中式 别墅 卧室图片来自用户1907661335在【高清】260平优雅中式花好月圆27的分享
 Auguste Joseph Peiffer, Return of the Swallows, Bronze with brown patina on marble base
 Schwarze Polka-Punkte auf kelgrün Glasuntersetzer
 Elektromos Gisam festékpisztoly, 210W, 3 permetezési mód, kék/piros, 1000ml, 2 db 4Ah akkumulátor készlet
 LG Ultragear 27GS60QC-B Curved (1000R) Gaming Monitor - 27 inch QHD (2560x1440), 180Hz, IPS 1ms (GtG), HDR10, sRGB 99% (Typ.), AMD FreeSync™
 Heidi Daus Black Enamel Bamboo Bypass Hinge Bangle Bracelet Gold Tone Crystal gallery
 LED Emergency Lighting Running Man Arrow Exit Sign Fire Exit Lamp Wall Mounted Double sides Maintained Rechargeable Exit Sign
****************
[Problem requirements] Each line of the material above needs repeating verbatim.

[Answer]
中式 别墅 卧室图片来自用户1907661335在【高清】260平优雅中式花好月圆27的分享
 Auguste Joseph Peiffer, Return of the Swallows, Bronze with brown patina on marble base
 Schwarze Polka-Punkte auf kelgrün Glasuntersetzer
 Elektromos Gisam festékpisztoly, 210W, 3 permetezési mód, kék/piros, 1000ml, 2 db 4Ah akkumulátor készlet
 LG Ultragear 27GS60QC-B Curved (1000R) Gaming Monitor - 27 inch QHD (2560x1440), 180Hz, IPS 1ms (GtG), HDR10, sRGB 99% (Typ.), AMD FreeSync™
 Heidi Daus Black Enamel Bamboo Bypass Hinge Bangle Bracelet Gold Tone Crystal gallery
 LED Emergency Lighting Running Man Arrow Exit Sign Fire Exit Lamp Wall Mounted Double sides Maintained Rechargeable Exit Sign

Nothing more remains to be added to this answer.